Polskie służby wiedziały, że na terenie Ośrodka Szkolenia Agencji Wywiadu w Starych Kiejkutach będą przetrzymywani członkowie Al-Kaidy – ustaliła “Panorama” TVP2. Informacje pochodzą od wysokiego rangą oficera wywiadu polskiego.
Tożsamość oficera została potwierdzona przez reportera “Panoramy”. Oficer Agencji Wywiadu złożył swoje oświadczenia w formie pisemnej.
Strona polska miała zażądac od Amerykanów, by więźniowie byli traktowani jako jeńcy wojenni, do czego strona Amerykańska się zobowiązała. Gdy sprawdzenie, co dzieje się z więźniami, okazało się niemożliwe, Polacy zażądali zamknięcia ośrodka.
CIA nie chciała przetrzymywać więźniów na swoim terytorium, gdyż zbyt łatwo mogłoby wyjśc na jaw, co się w nich dzieje. Dlatgo właśnie zwrócono się w tej sprawie do Polski.
Jak ustalił reporter “Panoramy” TVP2, Amerykanie nie podpisali jednak dokumentu, w którym zobowiązywaliby się do niestosowania tortur.
Po pół roku, gdy dowiedzenie się przez polskie służby, co się dzieje na terenie ośrodka, okazało się niemożliwe, strona Polska zażądała zamknięcia go i wycofania amerykańskiego personelu.
Ponadto, Agencja Wywiadu miała otrzymać znacznie więcej pieniędzy niż wspomniane wcześniej w mediach 15 czy też 30 mln dolarów. Przekazywanie pieniędzy miało miejsce jednak przed udostępnieniem Amerykanom ośrodka w Starych Kiejkutach, jak i po jego zamknięciu.
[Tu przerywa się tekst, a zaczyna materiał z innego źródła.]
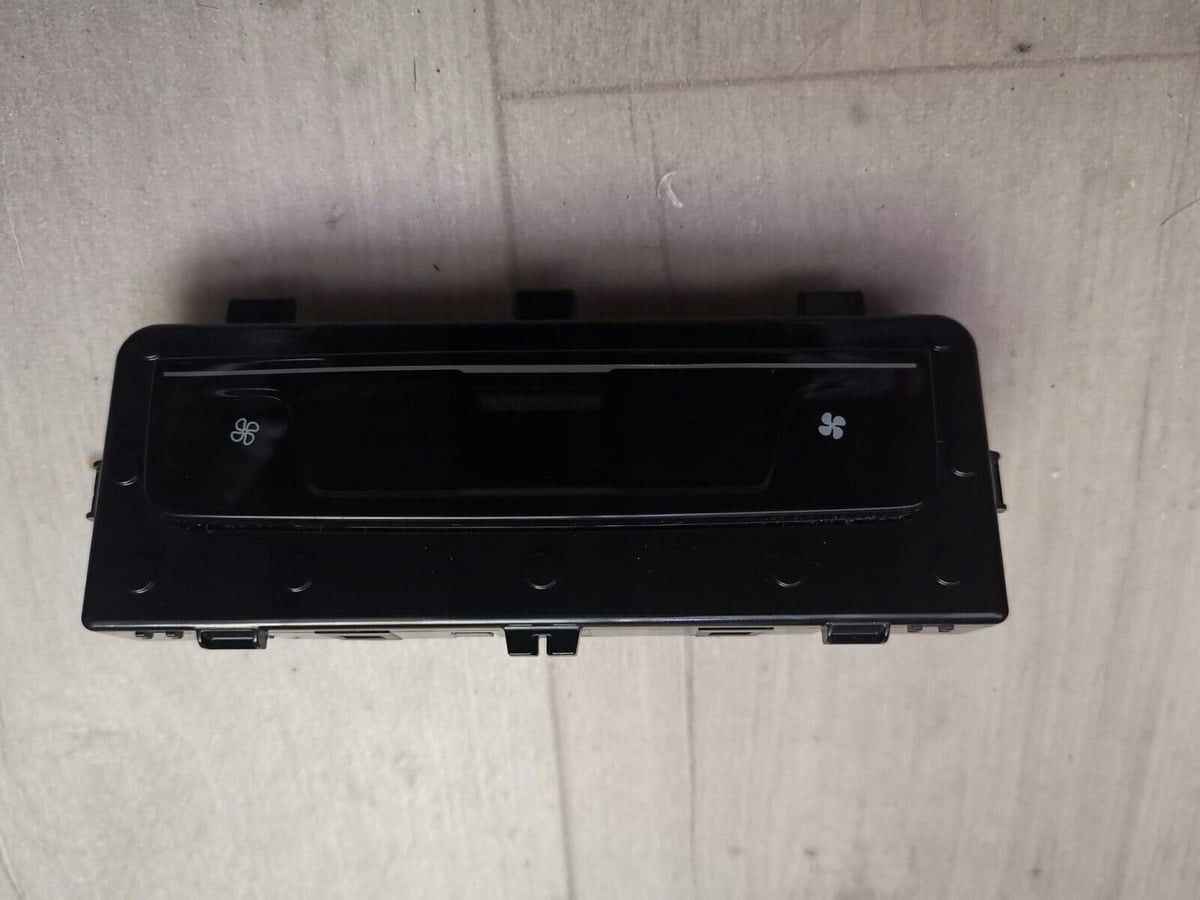 Panel klimatyzacji tył Volkswagen 7T0907049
Polska otrzymywała je rzekomo na “prowadzenie wojny z terroryzmem”.
“Panroama” TVP2 / wp.pl / Kresy.pl
Ciekawe kto stał na bramie i pilnował obiektów a także zajmował się całą obsługą jednostki w Kiejkutach? Historyjka o braku możliwości sprawdzenia co tam wyprawiają Pindusy, którzy nie chcieli dokonywać przestępstw na własnym terytorium mocno naciągna.
Tłumaczenie tego oficerka przypomina mi tłumaczenie się z kilometrówek Hofmana, Giżyńskiego, Zdradka Sikorskiego i innych złodziei.